Kolumne # 579 vom 28.01.2012: Wieviel kostet ein Kind?

28.01.12 (von maj) North Carolina will Überlebenden des Sterilisationsprogramms von 1929–1974 Barabfindungen in Höhe von 50000 Dollar zahlen

Mumia Abu-Jamal * junge Welt Nr. 24 – 28./29. Januar 2012

Wieviel ist Ihr Kind wert? Wieviel ist Ihr Enkelkind wert? Das sind keine Fangfragen. Sie ergeben sich vielmehr aus Zeitungsmeldungen, daß der US-Bundesstaat North Carolina jüngst ankündigte, er werde Tausenden von Überlebenden Barabfindungen zahlen, die Opfer seines staatlichen Sterilisationsprogramms waren. Eines Programms, das von 1929 bis 1974 lief – also erstaunliche 45 Jahre lang!
North Carolina war nur einer von mehreren Bundesstaaten zumeist im Süden der USA, die Menschen sterilisieren ließen, weil sie als »gestört« angesehen wurden. Dabei wurden diese Staaten von höchsten Stellen wie dem Obersten Gerichtshof der USA unterstützt, der 1927 im Fall Buck gegen Bell entschied, ein Staat dürfe seine Bürger ordnungsgemäß sterilisieren und diese Bürger hätten kein verfassungsmäßig garantiertes Recht, sich dem zu widersetzen. Mit den Worten von Richter Oliver Wendell Holmes: »Drei Generationen von Schwachsinnigen sind genug!« Eine Regierungskommission North Carolinas sprach sich jetzt für Entschädigungen von 50.000 US-Dollar für jedes überlebende Opfer des Programms aus.
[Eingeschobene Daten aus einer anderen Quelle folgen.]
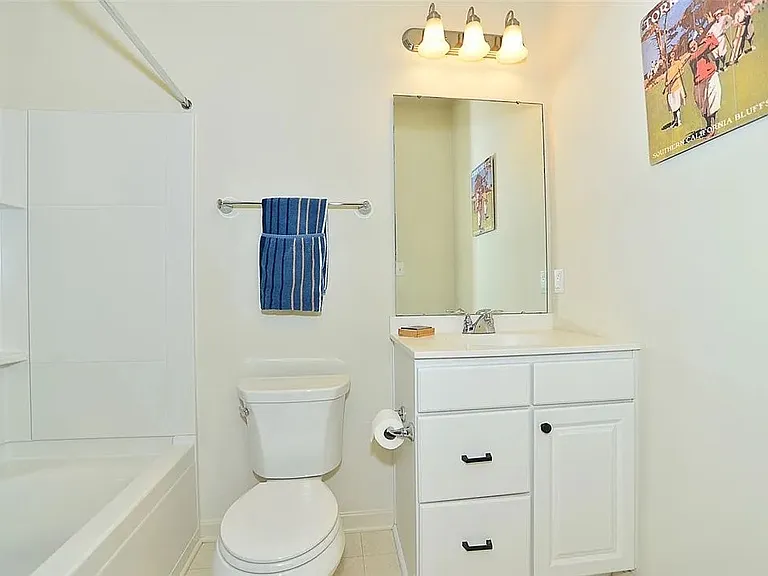 202 Venango Trl — Photo 8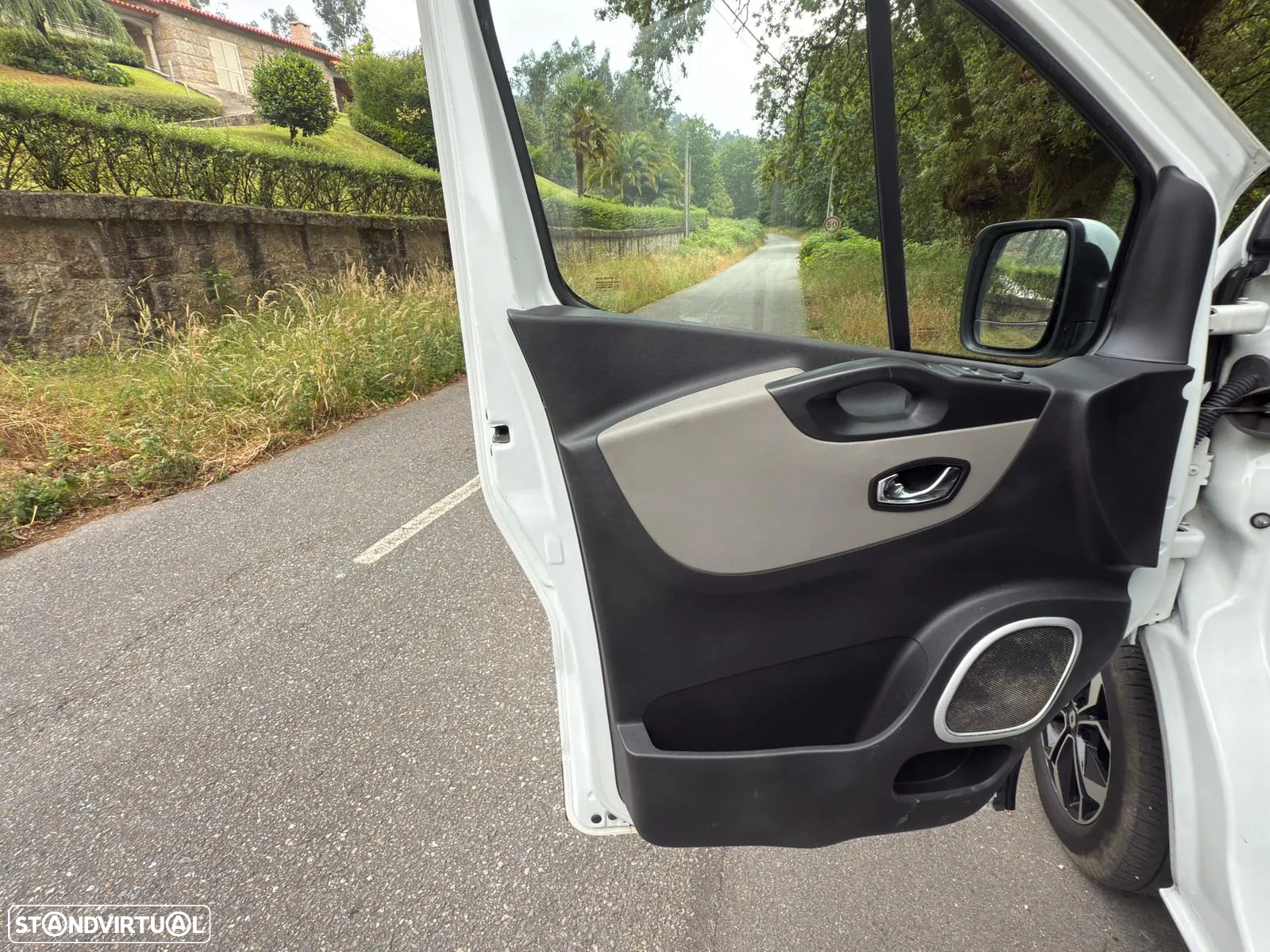 Renault Trafic - 8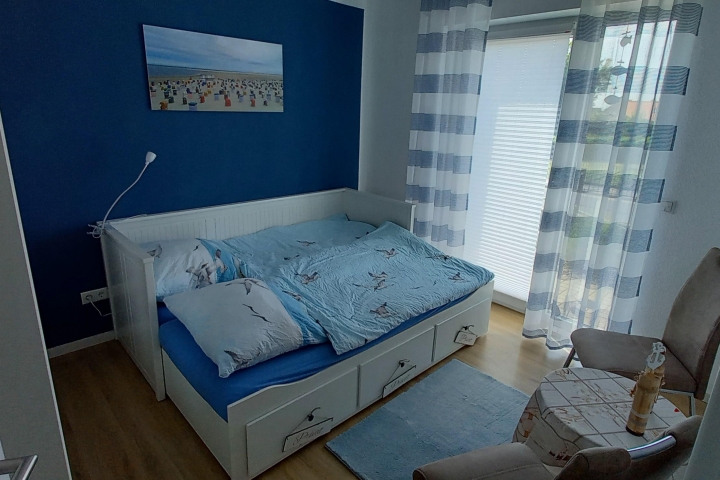 Kleines Zimmer mit ausziehbarem Bett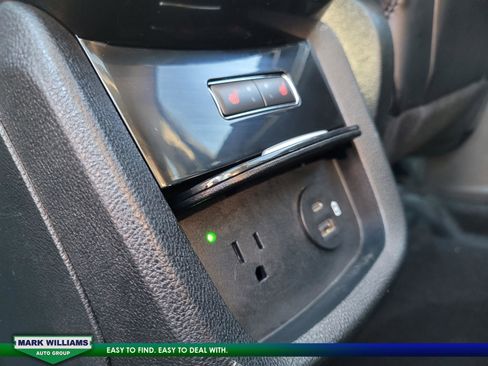 Used 2022 Lincoln Nautilus Reserve w/ Equipment Group 201A image 16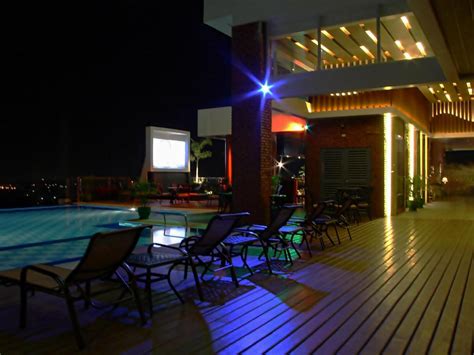 Central Park Tower Resort, Angeles / Clark .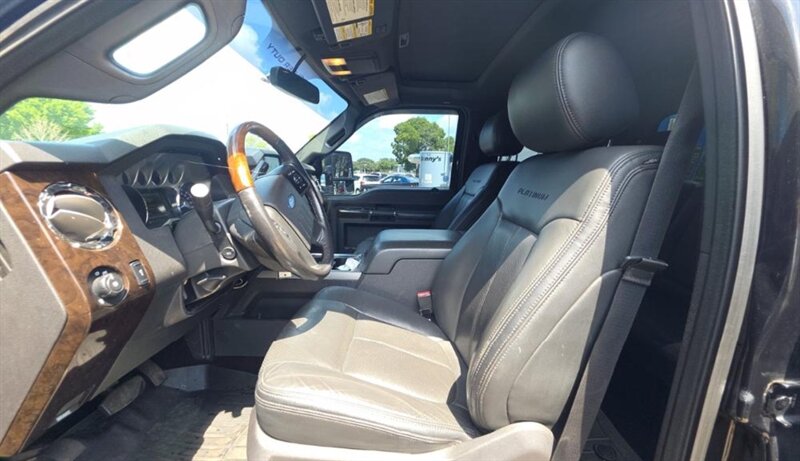 2015 Ford F-250 Platinum photo 2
Es wäre jedoch falsch, North Carolina allein zum Prügelknaben zu machen, denn solche Programme wurden mit Unterstützung Washingtons landesweit praktiziert. Die Historikerin Mary Frances Berry und der 2000 verstorbene Historiker John Blassingame schrieben in ihrem 1982 in New York veröffentlichten Werk »Long Memory: The Black Experience in America«, daß das US-Ministerium für Gesundheit, Bildung und Soziales noch in den 1970er Jahren »100.000 bis 150.000 Menschen jährlich zwangssterilisieren ließ«! Über 90 Prozent der Betroffenen waren schwarz.
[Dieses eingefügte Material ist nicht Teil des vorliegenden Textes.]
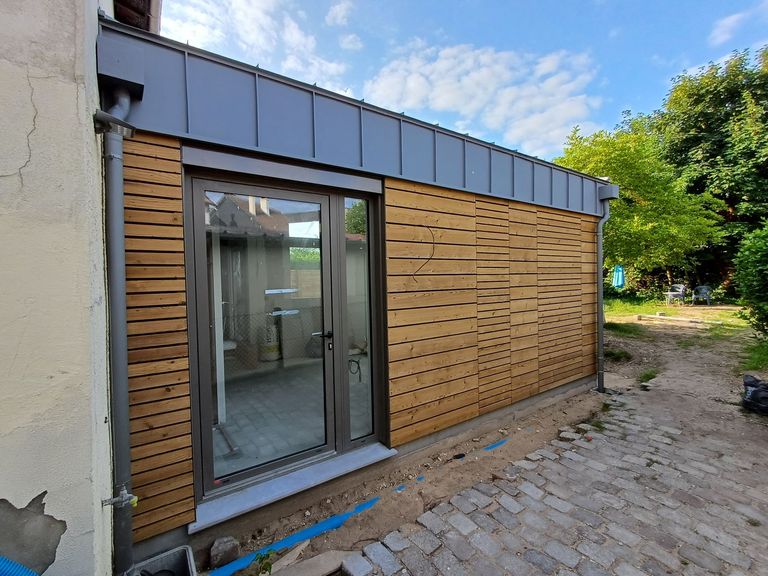 Angle d’une extension bois, bardage vertical et bandeau en zinc
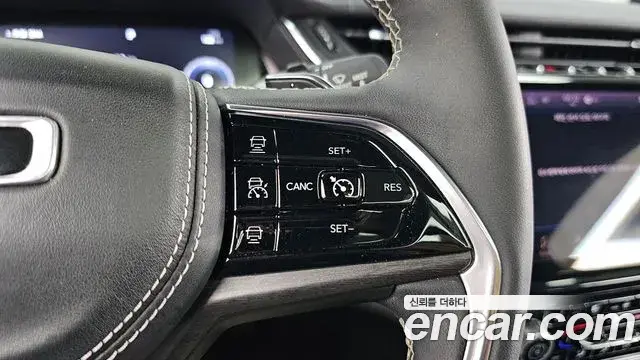 Jeep Grand Cherokee 2022 — Photo 25/38
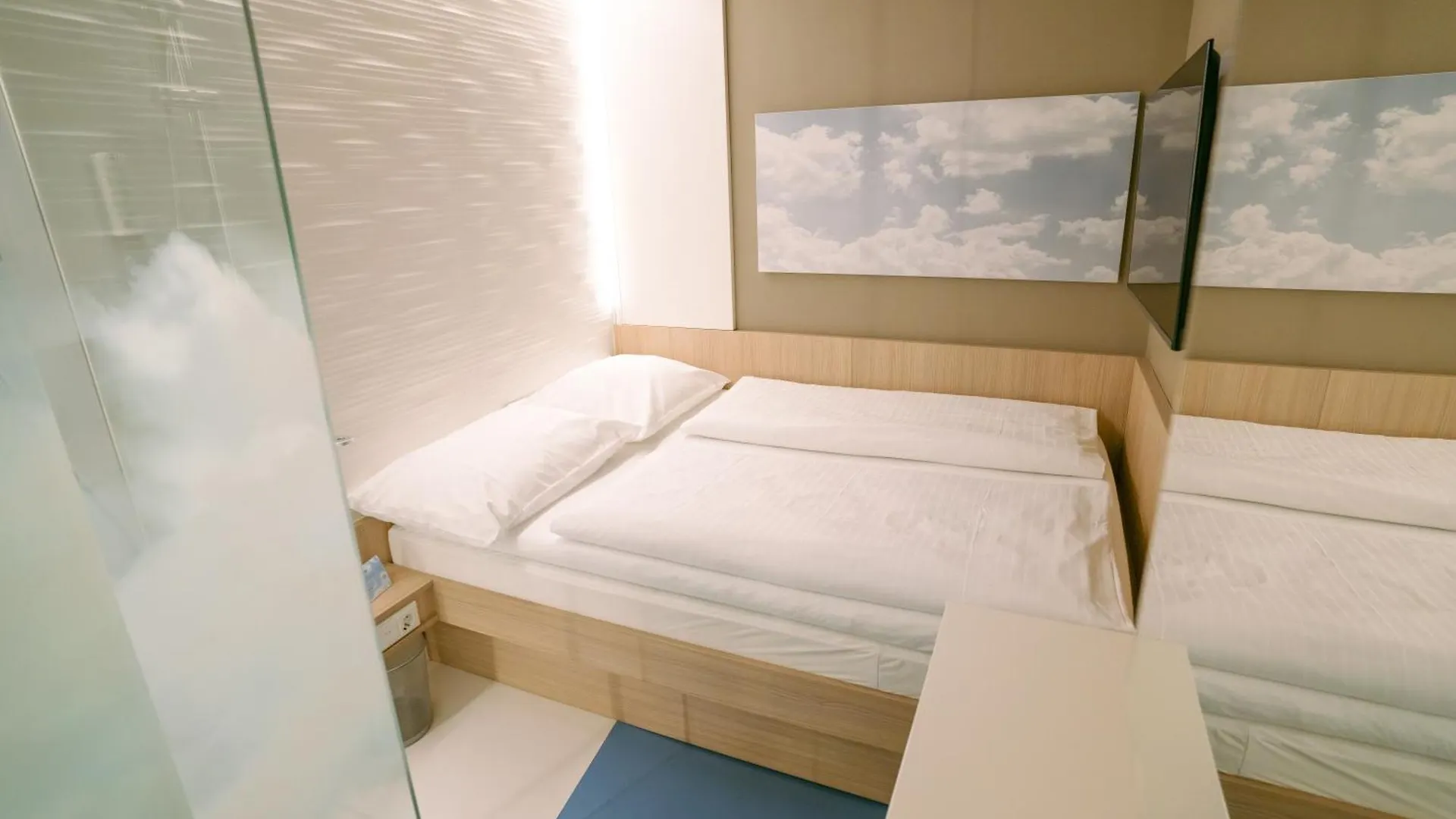 My Cloud Transit Hotel - Guests With International Flight Only! Frankfurt am Main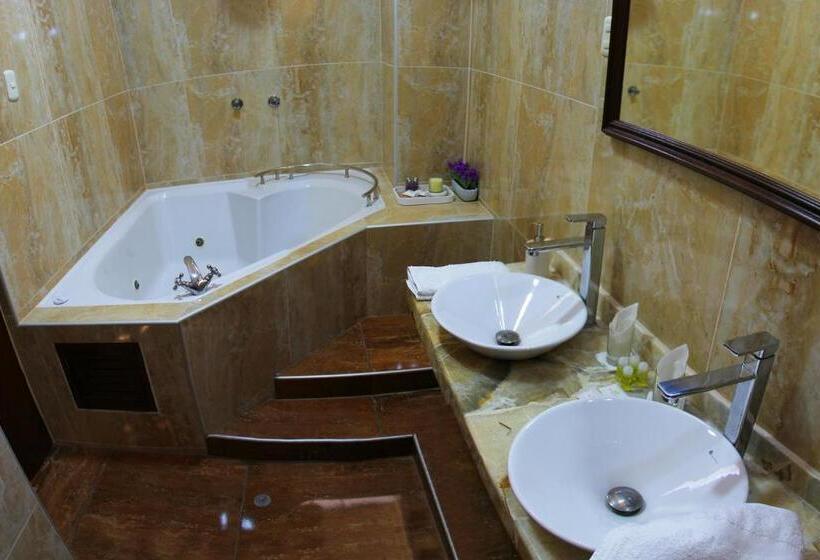 فندق Villa De Valverde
Diese entsetzliche staatliche Praxis und ihre erschreckende Absegnung durch den Obersten Gerichtshof erlaubt uns einen Einblick in die Art und Weise, wie bestimmte Vorurteile und Geisteshaltungen in alle Gesellschaftsbereiche einsickern und trotz ihres offensichtlichen Irrsinns zunächst von scheinbar aufgeklärten Teilen der Gesellschaft als vernünftig angesehen werden, um schließlich viele Jahre später wieder als abscheulich in Verruf zu geraten.
Wenn ein Staat oder eine Nation seine bzw. ihre eigenen sogenannten Bürger sterilisieren kann, ihnen also das Recht und die Fähigkeit, Kinder zu bekommen, verwehrt, was ist dieser Staat oder diese Nation dann anderes als eine Diktatur der Arroganz und der Macht?
Eines Tages, vielleicht früher als wir es uns heute vorstellen können, werden wir zurückschauen auf das Phänomen der Masseninhaftierung und auf den gefängnisindustriellen Komplex und sie als Beweis einer dem Wahn verfallenen Gesellschaft erkennen. Eventuell wird ein solcher Staat der Zukunft den Überlebenden des Gefängnissystems nach 75 oder 80 Jahren Reparationen – oh Pardon, ich meine natürlich Entschädigungen – zahlen. Wenn es dann noch Überlebende gibt.